■ **What this task involves**: Return the records below in full. Keep every word exact and skip the images.

*** Recorded data Section Begins ***

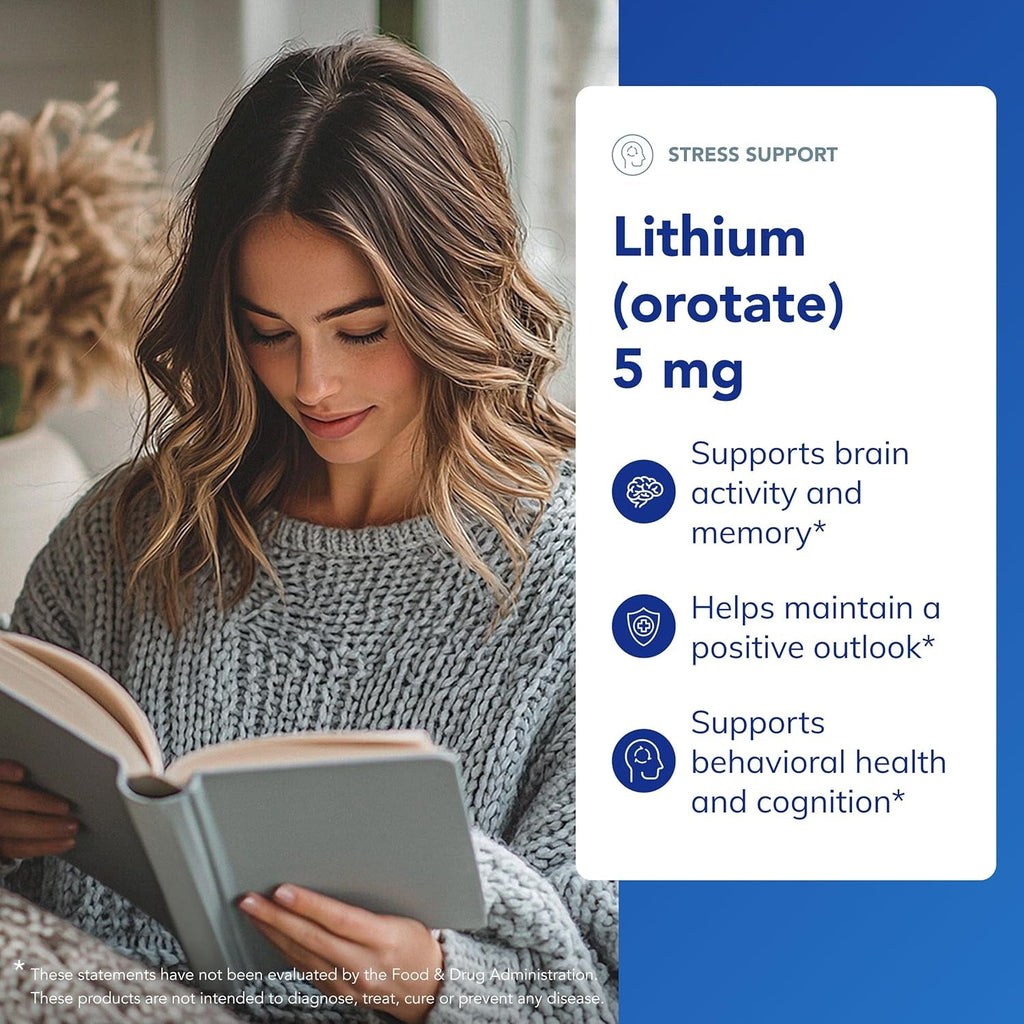 Pure Encapsulations Lithium Orotate 5 Mg - Brain Support Supplement - with N-Acetyl-L-Cysteine (NAC) for Memory & Brain Behavior* - Gluten Free & Non-Gmo - 90 Capsules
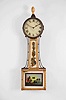 James Cole, Rochester, New Hampshire, 8 day, weight brass movement patent or banjo wall timepiece.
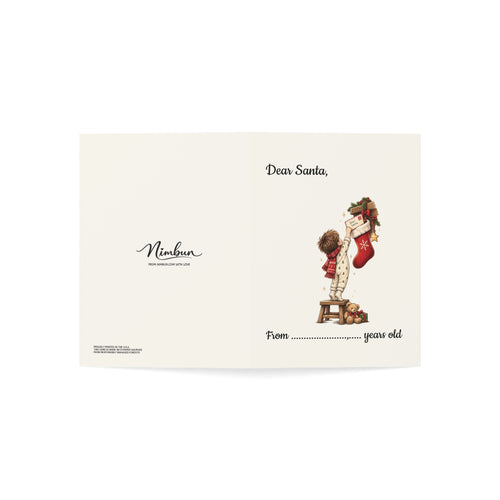 Dear Santa Card – Letter to Santa Christmas Card for Boys, Christmas Wish List Card, Kids Holiday Activity Greeting Card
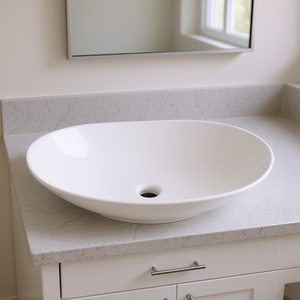 Lavabo Ovalado de Cerámica de 60 x 36 cm, Moderno, para Baño, Montado en Encimera, Acabado Brillante - Product Image 2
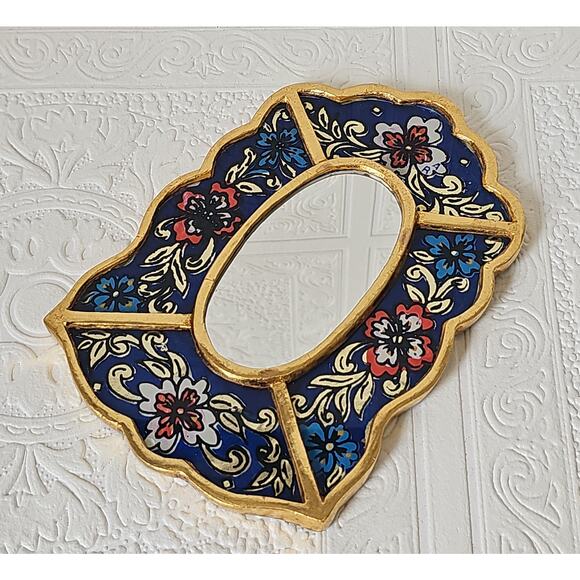Vintage Reverse Painted Glass Mirror with Gold Gild Trim Accent Mirror Peruvian - Picture 1 of 7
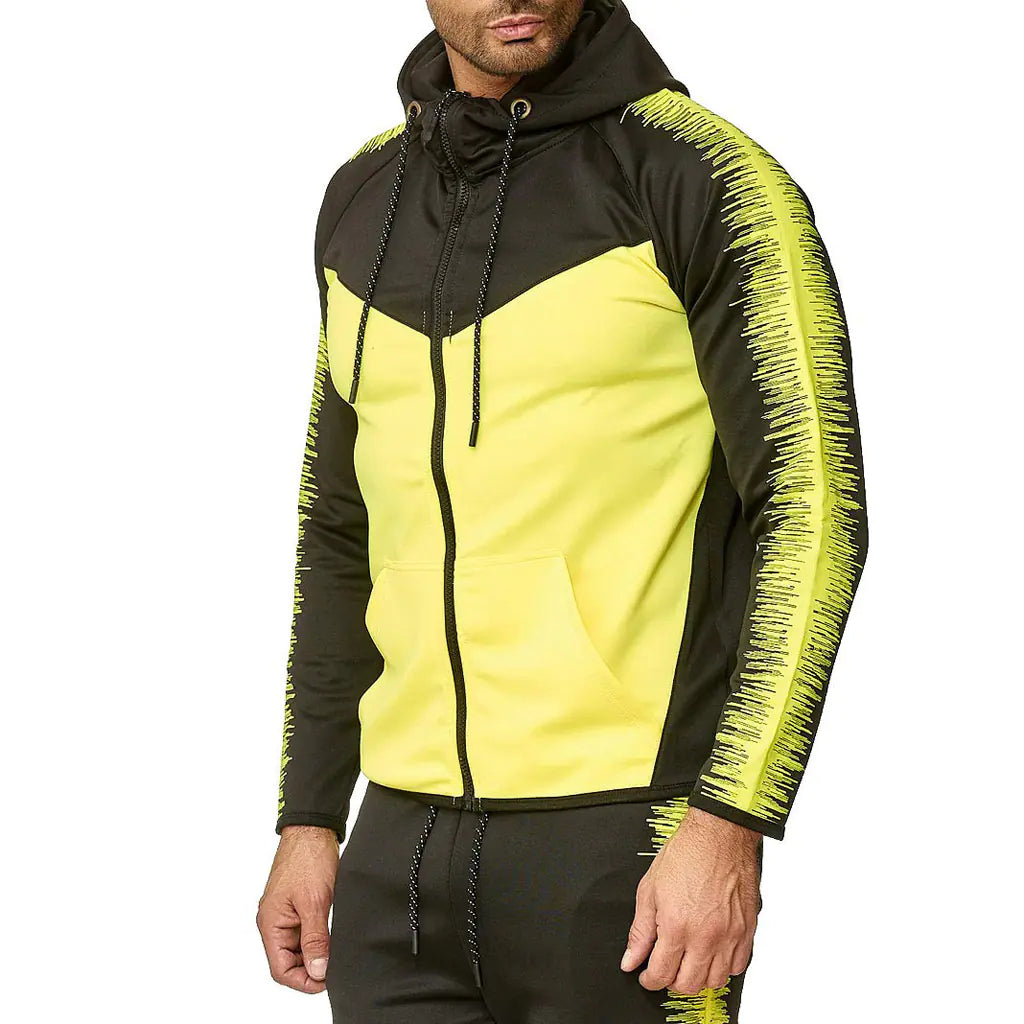 Conjunto de sudadera y bloques de color para hombre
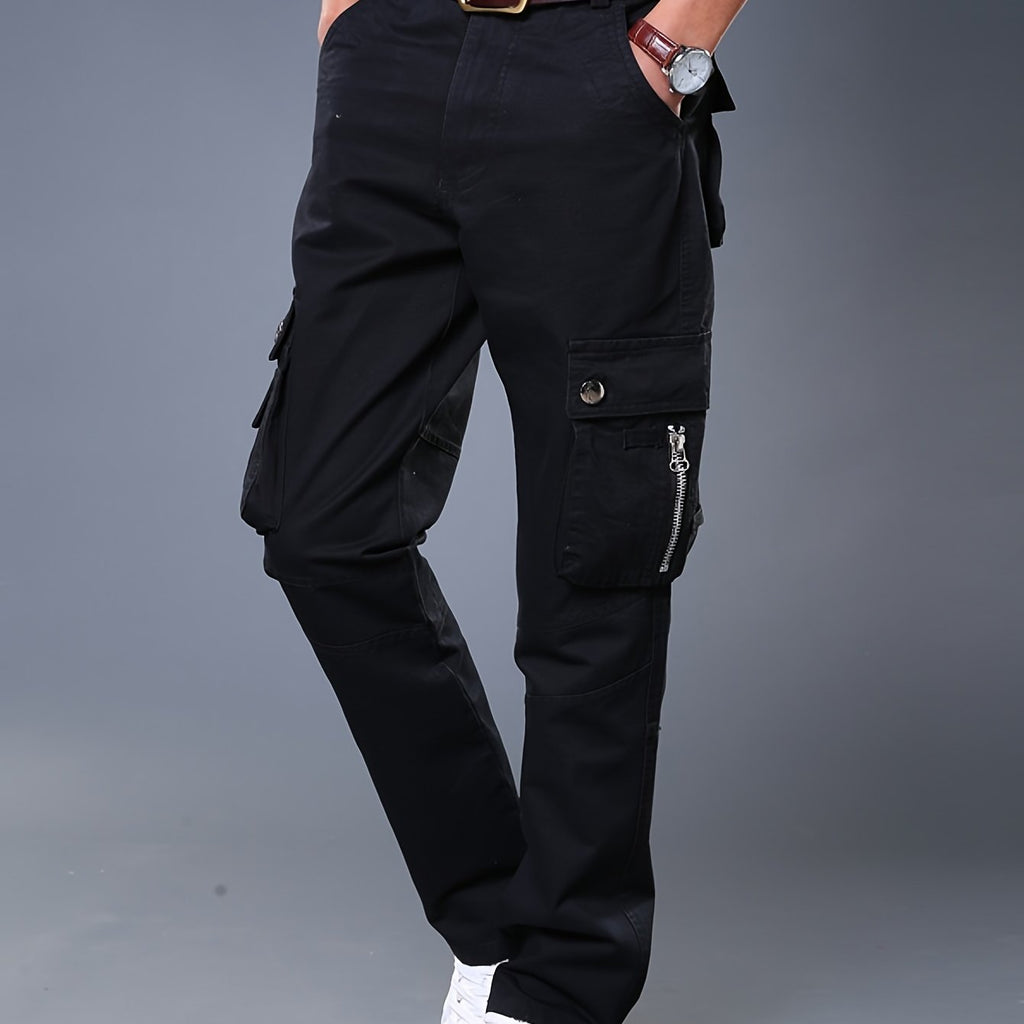 dunnmall  kkboxly  Men's Casual Black Cargo Pants With Zip Up Pockets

*** Recorded data Section Ends ***

■ **Answer space**:
 Pure Encapsulations Lithium Orotate 5 Mg - Brain Support Supplement - with N-Acetyl-L-Cysteine (NAC) for Memory & Brain Behavior* - Gluten Free & Non-Gmo - 90 Capsules
 James Cole, Rochester, New Hampshire, 8 day, weight brass movement patent or banjo wall timepiece.
 Dear Santa Card – Letter to Santa Christmas Card for Boys, Christmas Wish List Card, Kids Holiday Activity Greeting Card
 Lavabo Ovalado de Cerámica de 60 x 36 cm, Moderno, para Baño, Montado en Encimera, Acabado Brillante - Product Image 2
Vintage Reverse Painted Glass Mirror with Gold Gild Trim Accent Mirror Peruvian - Picture 1 of 7
 Conjunto de sudadera y bloques de color para hombre
 dunnmall  kkboxly  Men's Casual Black Cargo Pants With Zip Up Pockets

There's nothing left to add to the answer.